Not everything is new. The old oak floors were patched and stained dark. The hated fireplace was updated by removing the brick veneer and creating a stucco-clad surround that covers the whole wall.
“They had a high mantel over a brick box, and it made the room look small. The way to make a big thing disappear is to make it bigger,” Dunbar said.
By spreading the surround’s plaster veneer to cover the entire wall, the actual small opening for the fire defines the scale of the fireplace.
Now that Hu’s expanded kitchen has become her de facto office, she has butter tastings and the like when she isn’t cooking for guests, who stroll up to the maple-topped island to help. Now she gets help in devising recipes to promote Irish dairy products.
“We’ve invited top chefs such as Joyce Goldstein and Roland Passot to test how our products compare with others in different applications,” said Hu.
A recent recipe-contest judging meant that Hu’s spacious open kitchen became the focus of lots of activity, with several chefs comfortably testing recipes together.
“It is a great space for my business. Even if I have a quiet meeting there, clients understand how it will help them in the work I do for them. It shows that I believe in food.”
The Hus now use their new living space pretty much every day and hardly use the rest of the house.
“It has been so transforming. It even changed the way we entertain. It is a lot more fun when people walk over to the butcher block for hors d’oeuvres instead of being relegated to the living room,” said Hu.
“When I am still in bed in the morning, I can hear a latte being made in the kitchen,” said Hu. “I start to salivate.”
For the coffee or the kitchen?
Building a Dream Kitchen
The kitchen featured on my Web site is my own, and was born after years of dreaming, more than a year of planning and another year of construction. The kitchen serves as my test kitchen as well as a home kitchen, so it has some features specific to a professional kitchen, but also a number of features that make a consumer kitchen more functional.
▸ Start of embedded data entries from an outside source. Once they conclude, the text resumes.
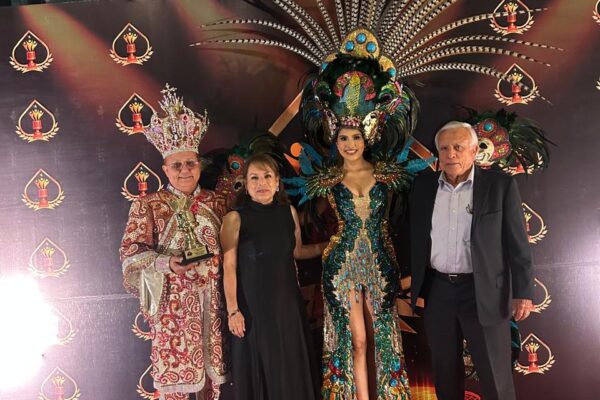 PREMIOS ASES DE ORO 2025 18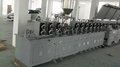 Flux cored welding wire manufacturing machine factory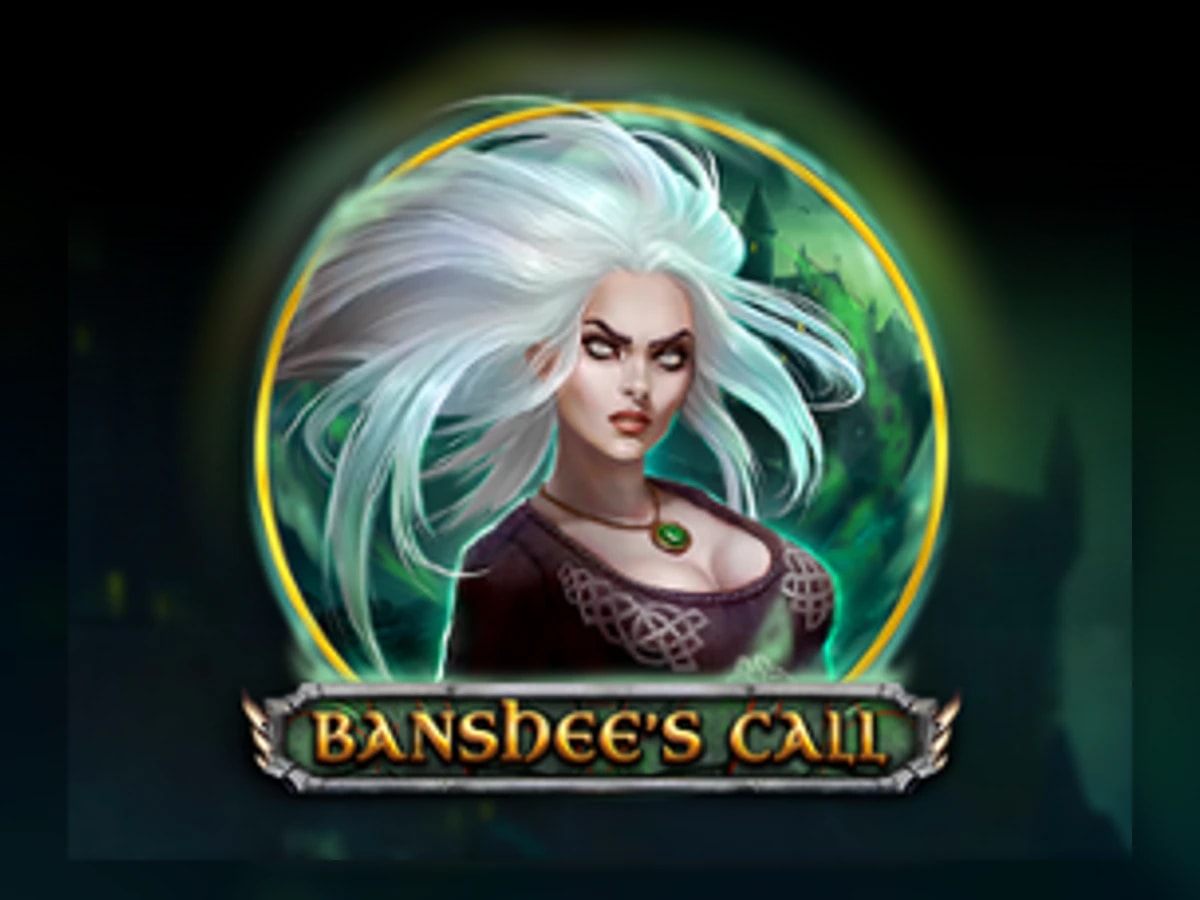Banshee's Call slot game artwork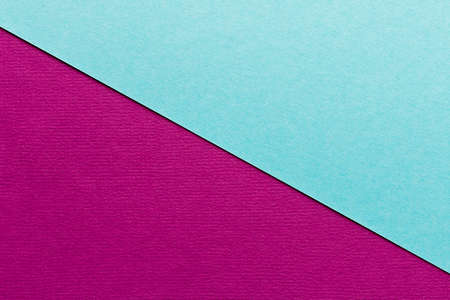 Trend colors 2020. Abstract deep purple and blue background. Abstract geometric background for designの写真素材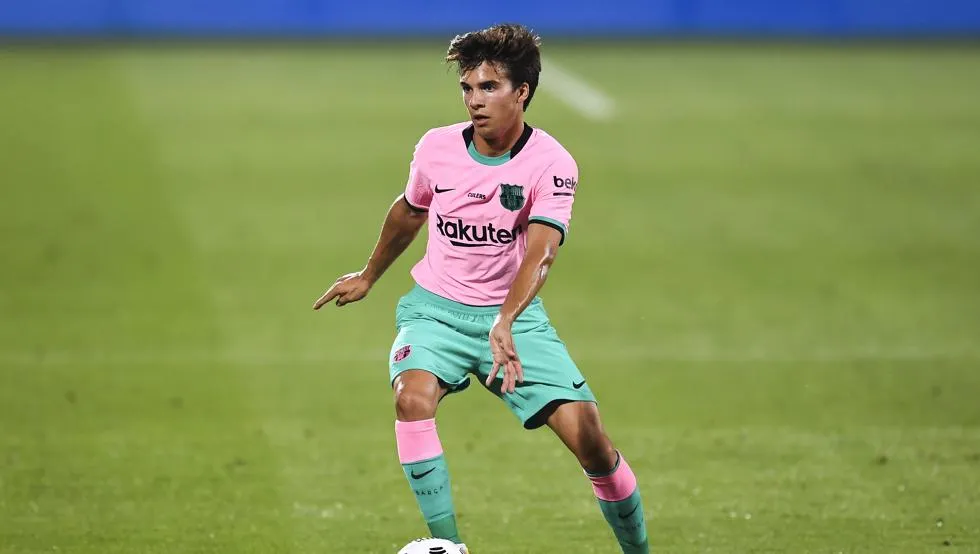 Riqui Puig, el gran oblidat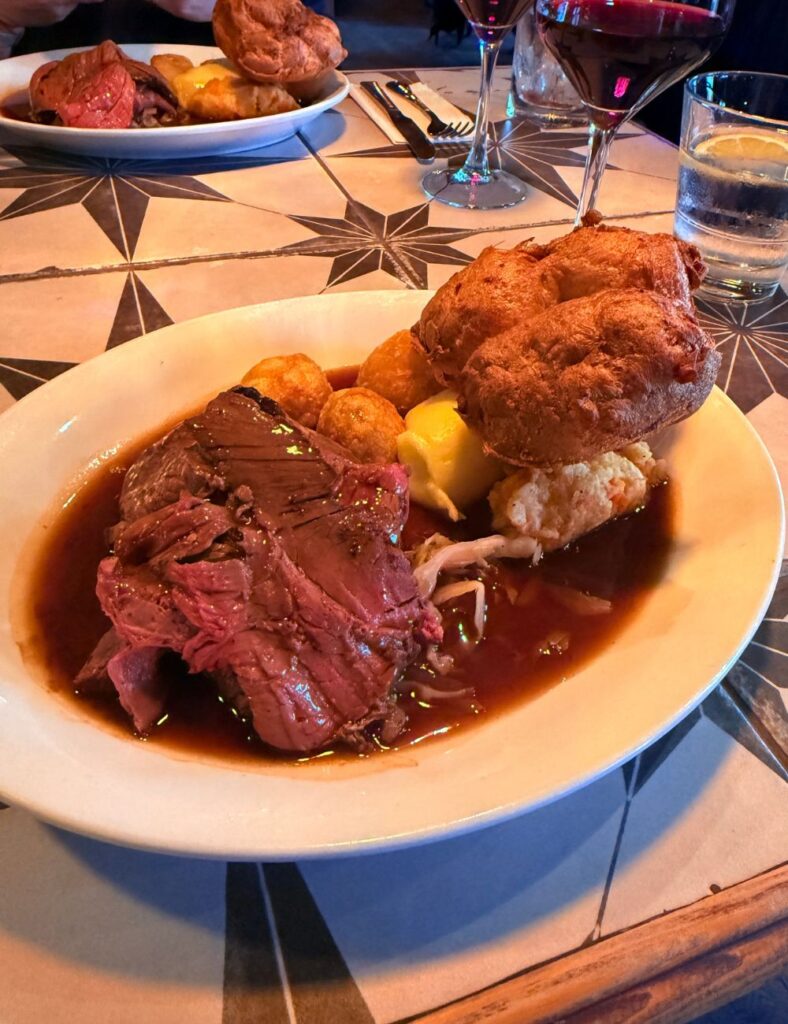 Best Sunday lunch in the North East (2026) - Barca Sunday Club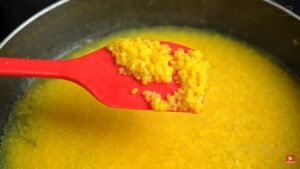 Veg Dal Recipe dal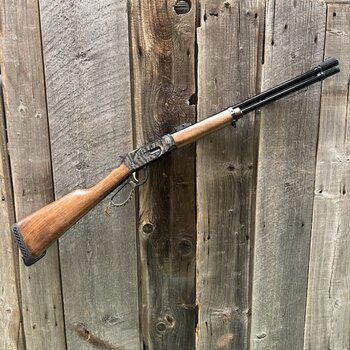 REVOLUTION ARMORY LZ-410 DELUXE 410ga w/CASE 20"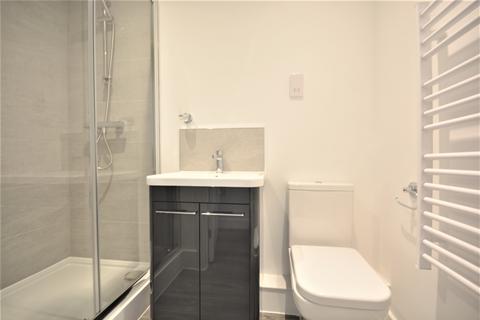 1 bedroom apartment to rent - Moorgate Court, George Cayley Drive, York, North Yorkshire, YO30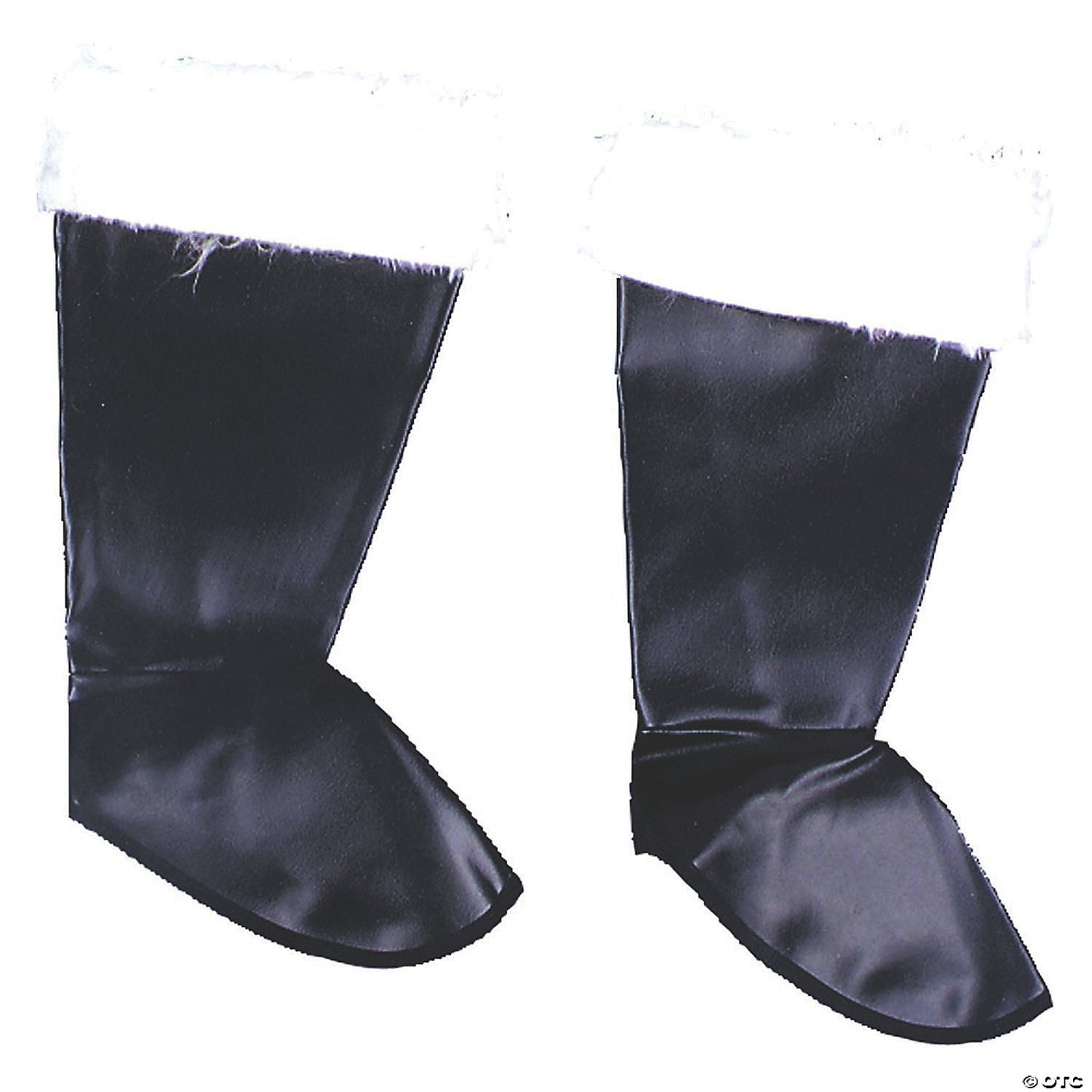 SANTA BOOT COVER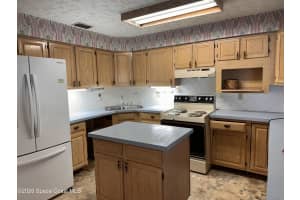 540 Venetian Way, Merritt Island, FL 32953 - MLS#1072318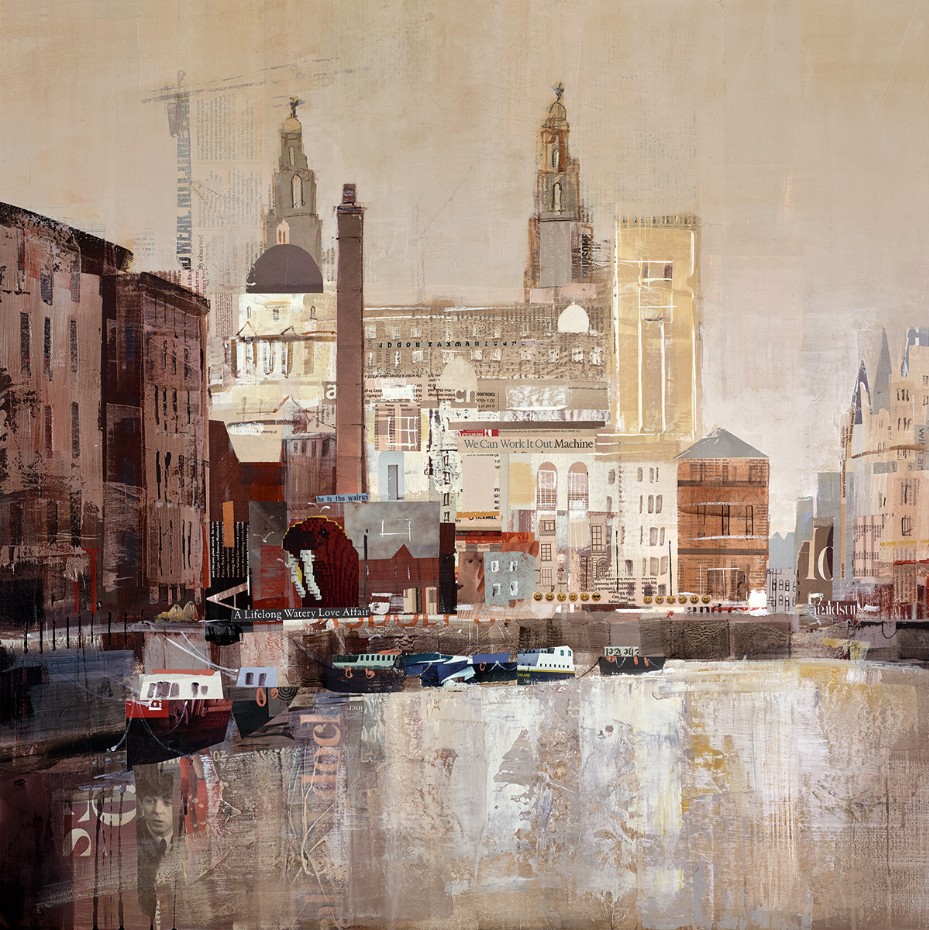 Mersey Ride Tom Butler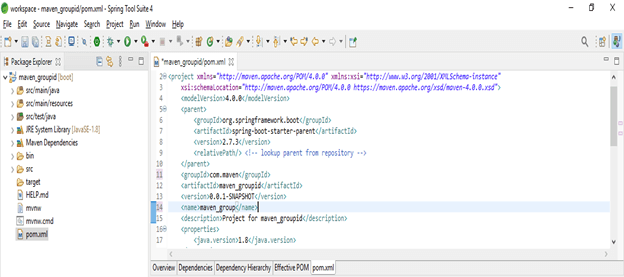 Maven GroupId Naming 5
If you’re building or remodeling a kitchen, consider these features:
Extra-large refrigerator. My refrigerator is a full 35 inches wide, with no freezer. With this capacity, I am able to store client products for testing and food photography. It’s also great for a dinner or cocktail party, enabling me to store all the ingredients I need for cooking and to use large platters in advance.
Small under-the-counter freezer. If you cook the way I do, you use mostly fresh ingredients anyway. So why do you need a big freezer? We have a full-size freezer in the garage for long-term storage; for day-to-day needs, the small freezer provides ice, a place to pop a tart crust before baking and a convenient repository for a few leftovers.
Large and deep sink. This is important for prep work and to be able to “hide” pots and pans in a big production kitchen. The idea comes from Jan Weimer, whose 1997 book “Kitchen Redoes, Revamps, Remodels & Replacements,” is still a must-read for anyone considering a kitchen project. A former executive food editor of Bon Appetit, Weimer is a restaurant consultant and former chef. She understands what it takes for a kitchen to be truly functional. Her advice is timeless. (If you’d like to work directly with Weimer, she does kitchen design consulting in person in Southern California, or by fax or e-mail outside the region. Just send me an e-mail to get in touch with her.)
Deep drawers instead of cabinets. It’s much easier to reach down into a drawer than to open cabinet doors and search for that pot, pan or rolling pin.
Floor-to-ceiling spice rack. This very shallow closet enables all the spices to sit in nice, alphabetical rows. When the door is closed, the spices are kept in the dark, the better to prolong their color and potency.
Small pullout pantry. Built to the side of the range, this pullout drawer has two wire racks to hold a selection of oils, vinegars, salt and all the other seasonings used in daily cooking, keeping the counter next to the range free of clutter.